■ What is being asked:
Please write out exactly the lines from the one with "酸枣仁suanzaoren产地山东汶上8月产新 130元每公斤 一件代发" through the end of the data below, both ends included, and omit any pictures.

■ Task inputs:
+ + + + + + +
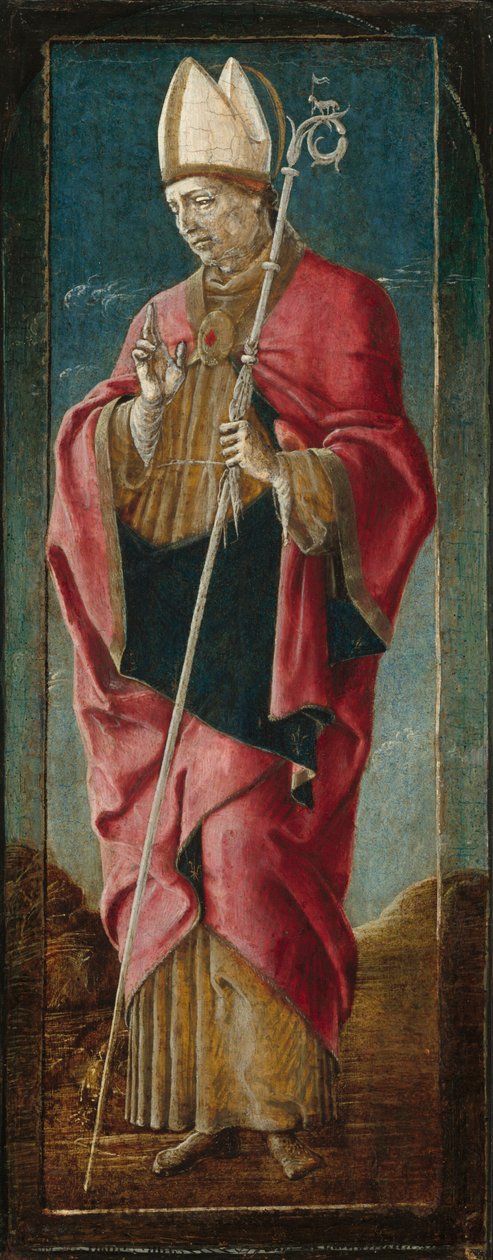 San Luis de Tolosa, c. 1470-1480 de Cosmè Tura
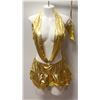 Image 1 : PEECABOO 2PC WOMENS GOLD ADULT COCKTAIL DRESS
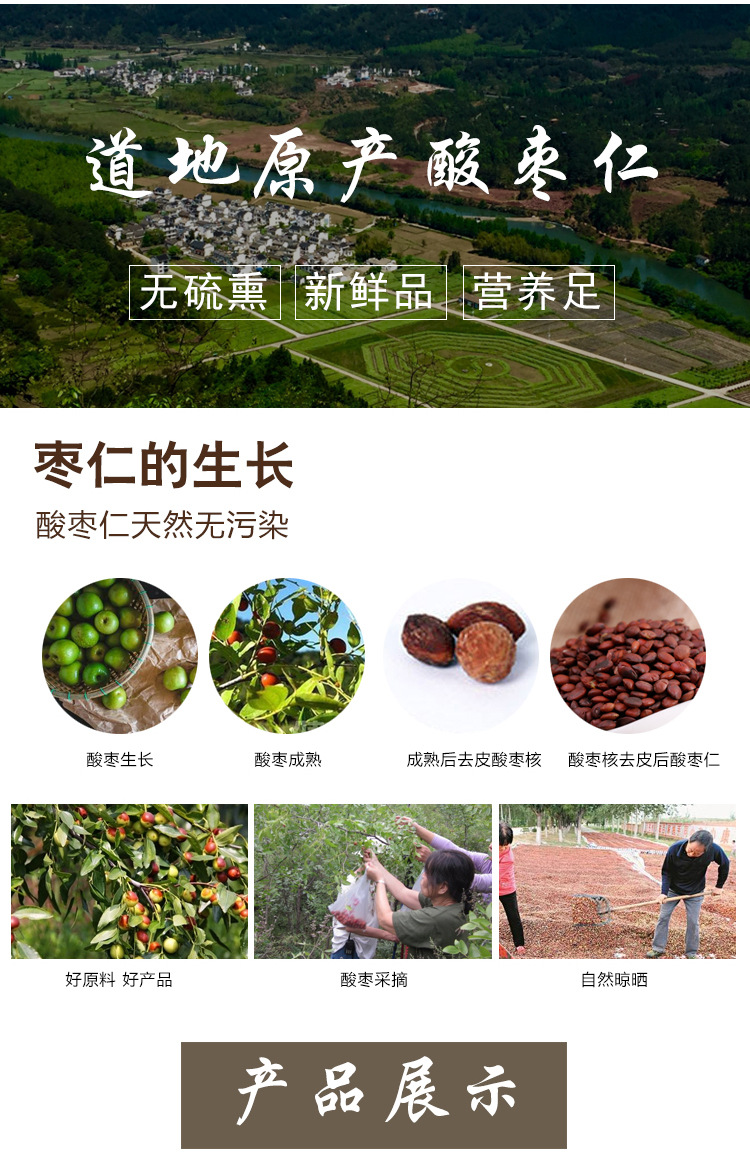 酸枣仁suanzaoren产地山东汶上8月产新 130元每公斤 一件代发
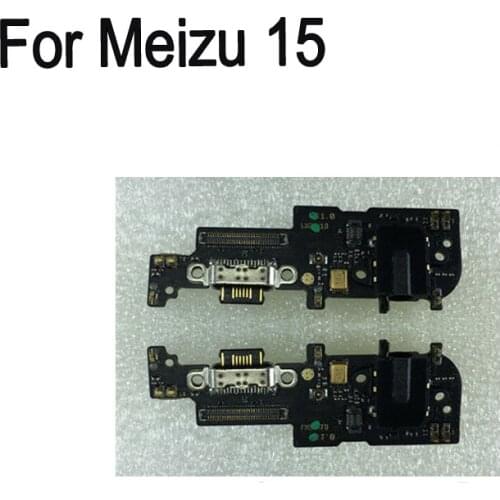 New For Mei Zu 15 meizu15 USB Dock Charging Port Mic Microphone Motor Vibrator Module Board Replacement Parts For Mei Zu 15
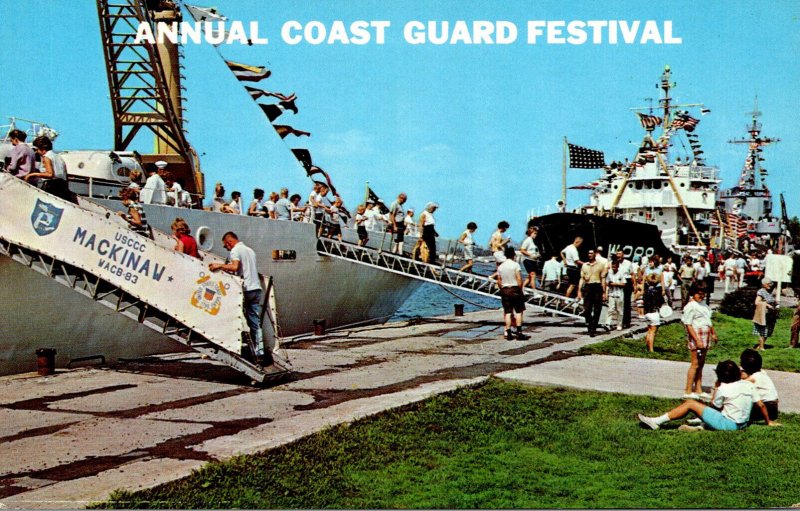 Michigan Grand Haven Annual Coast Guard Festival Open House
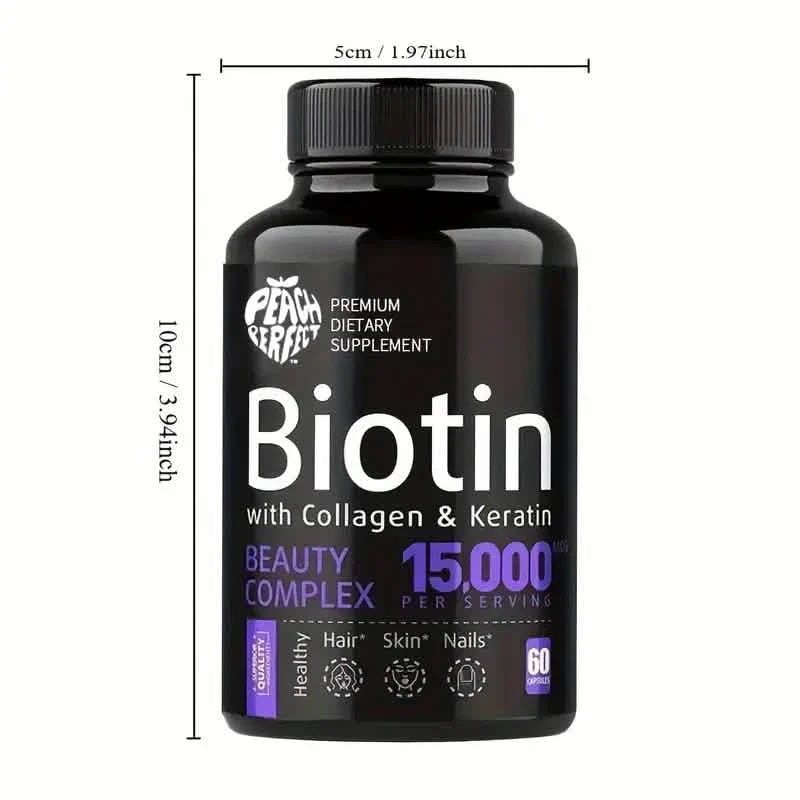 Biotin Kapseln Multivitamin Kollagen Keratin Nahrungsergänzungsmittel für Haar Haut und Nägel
+ + + + + + +
■ Answer area:
 酸枣仁suanzaoren产地山东汶上8月产新 130元每公斤 一件代发
 New For Mei Zu 15 meizu15 USB Dock Charging Port Mic Microphone Motor Vibrator Module Board Replacement Parts For Mei Zu 15
 Michigan Grand Haven Annual Coast Guard Festival Open House
 Biotin Kapseln Multivitamin Kollagen Keratin Nahrungsergänzungsmittel für Haar Haut und Nägel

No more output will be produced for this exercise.